Congress-Commissioned Study Reveals Dismal Results
This color-coded “gender-neutral” tiered illusion fooled no one, and failure rates for women and older soldiers remained high. In 2021, an ACFT study commissioned by Congress was conducted by RAND, a Department of Defense contractor that has long supported leftist policies. RAND collected data from 630,000 tests and the results were dismal.
Only 52% of women enlisted on active duty, compared to 92% of men, passed the ACFT. Women’s pass rates were higher among officers — 72 percent compared to 96 percent among men — but pass rates were lower in the National Guard and Reserves.

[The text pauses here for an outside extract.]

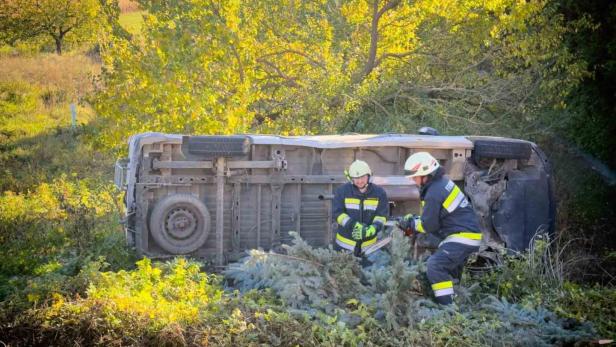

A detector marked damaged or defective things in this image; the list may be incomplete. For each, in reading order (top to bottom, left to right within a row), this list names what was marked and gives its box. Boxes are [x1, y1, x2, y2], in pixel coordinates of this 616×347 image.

overturned van [114, 131, 552, 266]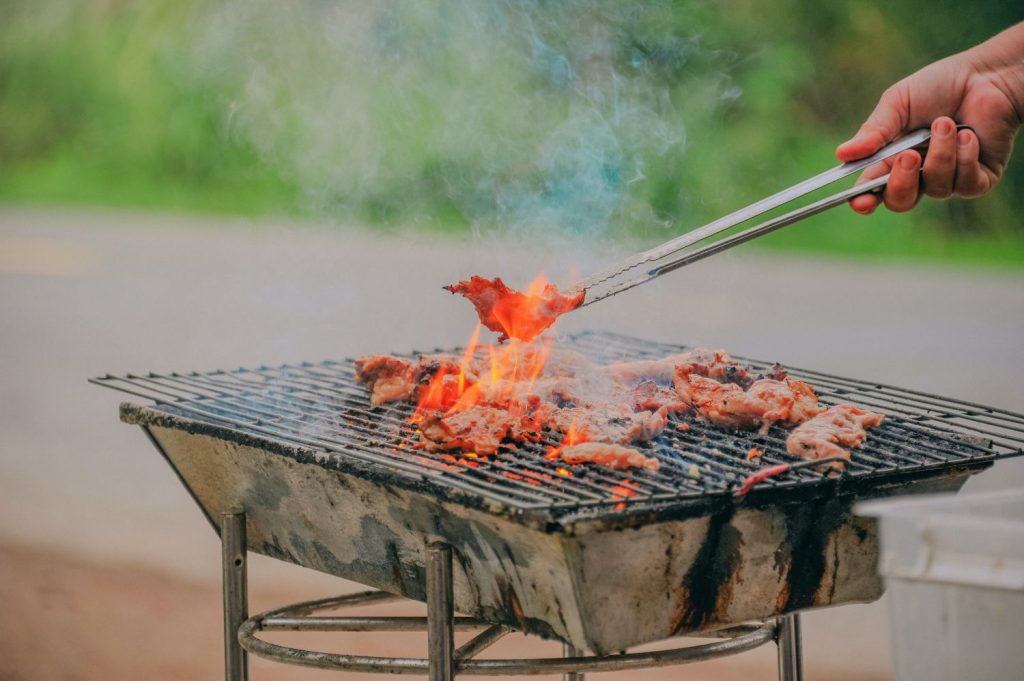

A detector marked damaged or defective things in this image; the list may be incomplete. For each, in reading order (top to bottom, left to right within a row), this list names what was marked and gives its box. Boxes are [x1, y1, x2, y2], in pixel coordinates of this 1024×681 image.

RAND also reported that for women enlisted in the regular military, pass rates in the bottom ten military occupational specialties (MOS) ranged from 31 to 44 percent, and in the top ten, from 65 to 89 percent. By comparison, the success rates of male enlistees in the last ten MOSs ranged from 83-86%, and they scored 98-100% in the top ten MOSs.
Even with some caveats, the empirical evidence has clearly shown that theories of physical gender equality in military combat training are inconsistent with physical realities. RAND warned that normalizing the ACFT by gender “would ensure parity in pass rates between groups, but it would also force the military to accept differences in potential combat readiness among soldiers who are subjected to different test standards”.
Fourth try at the test
Cotton blames army officials for agreeing to this compromise. Shortly after the RAND report was released in March, the military announced ACFT 4.0, which reneged on previous promises to implement gender-neutral standards.
The new gender-based test adjusted requirements and scoring charts, scrapped the leg tuck event, and scrapped attempts to match individuals to heavier jobs with stricter requirements. Like the old Army test, the ACFT 4.0 measures basic physical fitness, not readiness for advanced combat training.
Gender-neutral standards have not worked in the ACFT, and as we have seen before in Special Operations Forces Command, “diversity and inclusion” mandates encourage minimum standards, not meritocratic excellence.
A recent Rasmussen poll found that 59% of respondents supported women in combat, but even more, 66%, said women should meet the same fitness requirements as male soldiers. What if women don’t meet equal standards?
Cotton said he was “disappointed and borderline appalled” by the situation, and would not let it stand. He and Secretary Wormuth were talking about two different things – combat effectiveness on his side and “fairness” to certain “sub-groups” of his. Congress should reassess policies for assigning women to combat, prioritizing meritocracy and military readiness.
Elaine Donnelly is president of the Center for Military Readiness, an independent public policy organization that reports on and analyzes military and social issues.